■ Dataset excerpt:
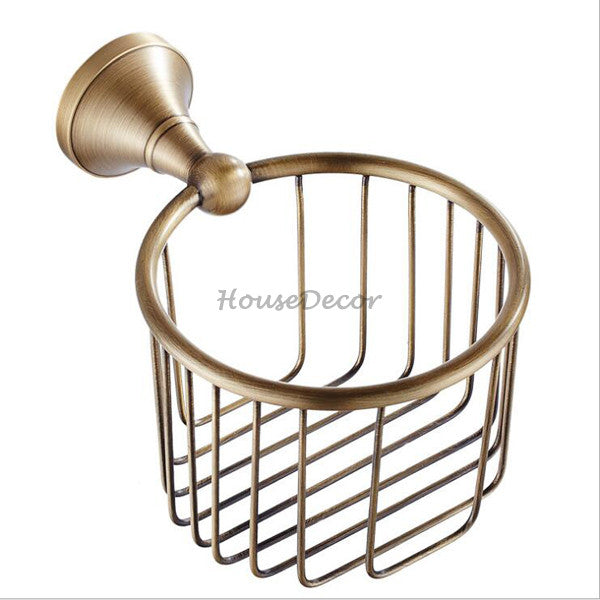 Brass toilet paper holder wall mounted design main view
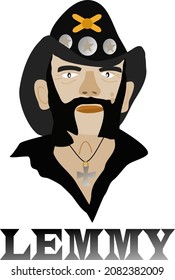 November 2021: Illustration Of Lemmy Frontman Of Motorhead Band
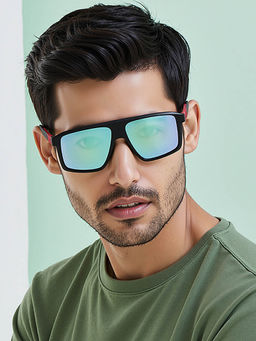 John Jacobs - Unisex Full Uv Protected Stylish & Premium Rectangle Blue Lens Sunglasses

■ Task to complete: Write out the data above in full and exactly, but without the pictures.

■ The answer:
 Brass toilet paper holder wall mounted design main view
 November 2021: Illustration Of Lemmy Frontman Of Motorhead Band
 John Jacobs - Unisex Full Uv Protected Stylish & Premium Rectangle Blue Lens Sunglasses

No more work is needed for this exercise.